Continuance of Laws, etc. Act 1739
- Parliament of Great Britain
- Long title: An Act for continuing the several Laws therein mentioned, relating to the Premiums upon the Importation of Masts, Yards, and Bowsprits, Tar, Pitch, and Turpentine; to British-made Sail Cloth, and the Duties payable on Foreign Sail Cloth; to the Greenland and to the Whale Fishery; for granting a further Bounty for all Ships employed in the Whale Fishery during the present War; for exempting Harponeers and others, employed in the Greenland Fishery Trade, from being impressed; and for giving further Time for the Payment of Duties omitted to be paid for the Indentures and Contracts of Clerks and Apprentices.
- Citation: 13 Geo. 2. c. 28
- Territorial extent: Great Britain

Dates
- Royal assent: 29 April 1740
- Commencement: 15 November 1739
- Repealed: 15 July 1867

Other legislation
- Amends: See § Continued enactments
- Repealed by: Statute Law Revision Act 1867
- Relates to: See Expiring laws continuance acts

Status: Repealed

Text of statute as originally enacted

= Continuance of Laws, etc. Act 1739 =

Act of the Parliament of Great Britain

The Continuance of Laws, etc. Act 1739 (13 Geo. 2. c. 28) was an act of the Parliament of Great Britain that continued various older acts.

== Background ==
In the United Kingdom, acts of Parliament remain in force until expressly repealed. Many acts of parliament, however, contained time-limited sunset clauses, requiring legislation to revive enactments that had expired or to continue enactments that would otherwise expire.

== Provisions ==
=== Continued enactments ===
Section 1 of the act continued the Preservation of Woods, America Act 1728 (25 Geo. 2. c. 35), "as relates to the Premiums upon Malts, Yards and Bowsprits, Tar, Pitch and Turpentine" from the expiration of those enactments until the end of the next session of parliament after 25 December 1750.

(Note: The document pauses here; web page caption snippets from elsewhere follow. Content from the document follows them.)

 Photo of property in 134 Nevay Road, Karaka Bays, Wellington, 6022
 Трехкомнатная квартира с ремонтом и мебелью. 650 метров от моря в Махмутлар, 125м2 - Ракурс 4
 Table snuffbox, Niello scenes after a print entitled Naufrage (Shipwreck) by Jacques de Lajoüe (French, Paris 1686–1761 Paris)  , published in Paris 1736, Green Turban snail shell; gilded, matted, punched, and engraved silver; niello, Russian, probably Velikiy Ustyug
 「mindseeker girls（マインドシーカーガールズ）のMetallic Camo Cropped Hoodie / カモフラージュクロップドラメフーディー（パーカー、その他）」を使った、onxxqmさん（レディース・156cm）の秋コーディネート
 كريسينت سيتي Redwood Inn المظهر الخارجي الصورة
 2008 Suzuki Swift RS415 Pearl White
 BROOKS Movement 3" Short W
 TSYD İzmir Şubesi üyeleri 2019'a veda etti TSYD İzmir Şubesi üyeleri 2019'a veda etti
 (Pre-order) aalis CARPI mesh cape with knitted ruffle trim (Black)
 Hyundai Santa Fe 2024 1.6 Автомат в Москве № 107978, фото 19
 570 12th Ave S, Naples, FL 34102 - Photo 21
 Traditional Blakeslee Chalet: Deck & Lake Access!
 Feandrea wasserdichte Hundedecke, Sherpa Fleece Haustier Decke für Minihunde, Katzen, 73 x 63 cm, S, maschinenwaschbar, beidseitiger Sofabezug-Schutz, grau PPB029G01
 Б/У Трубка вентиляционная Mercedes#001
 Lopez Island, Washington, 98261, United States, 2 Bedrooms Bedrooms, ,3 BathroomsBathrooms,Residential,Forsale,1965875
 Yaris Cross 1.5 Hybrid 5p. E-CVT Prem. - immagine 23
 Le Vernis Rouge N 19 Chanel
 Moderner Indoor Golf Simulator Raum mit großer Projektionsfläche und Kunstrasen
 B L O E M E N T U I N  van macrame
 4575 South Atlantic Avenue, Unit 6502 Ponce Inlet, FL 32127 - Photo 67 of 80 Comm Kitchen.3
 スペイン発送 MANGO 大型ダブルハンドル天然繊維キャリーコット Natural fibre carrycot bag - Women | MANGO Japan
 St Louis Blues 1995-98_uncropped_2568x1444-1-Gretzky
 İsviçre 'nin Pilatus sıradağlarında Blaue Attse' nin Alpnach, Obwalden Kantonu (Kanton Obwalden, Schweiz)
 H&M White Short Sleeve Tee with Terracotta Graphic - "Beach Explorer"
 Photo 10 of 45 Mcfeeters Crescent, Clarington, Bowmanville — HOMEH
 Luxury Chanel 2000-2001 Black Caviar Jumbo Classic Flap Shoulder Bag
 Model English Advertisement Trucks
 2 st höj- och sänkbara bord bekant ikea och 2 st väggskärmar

Section 2 of the act continued the Manufacture of Sail Cloth Act 1735 (9 Geo. 2. c. 37) from the expiration of the act until the end of the next session of parliament after 25 December 1750.

Section 3 of the act continued the Greenland Fishery Act 1731 (5 Geo. 2. c. 28) from the expiration of the act until the end of the next session of parliament after 25 December 1750.

Section 4 of the act continued the Whale Fishery Act 1732 (6 Geo. 2. c. 33) from the expiration of the act until the end of the next session of parliament after 25 December 1750.

Section 5 of the act provided that during wartime, an additional bounty of ten shillings per ton would be paid to masters or owners of Greenland whaling vessels, beyond the existing twenty shillings bounty, and protected harpooners, line-managers, and seamen in the Greenland fishery from impressment, allowing them to work in the coal trade when not whaling if they provided security to return to whaling.

Section 6 of the act provided that people who had neglected to pay stamp duties on apprenticeship or clerkship indentures, or omitted to record the full sums paid for such positions, could rectify these omissions by paying the required duties before 1 August 1740, and having the documents stamped before 29 September 1740, thereby validating the agreements and avoiding penalties.

== Legacy ==
The Select Committee on Temporary Laws, Expired or Expiring, appointed in 1796, inspected and considered all temporary laws, observing irregularities in the construction of expiring laws continuance acts, making recommendations and emphasising the importance of the Committee for Expired and Expiring Laws.

The whole act was repealed by section 1 of, and the schedule to, the Statute Law Revision Act 1867 (30 & 31 Vict. c. 59).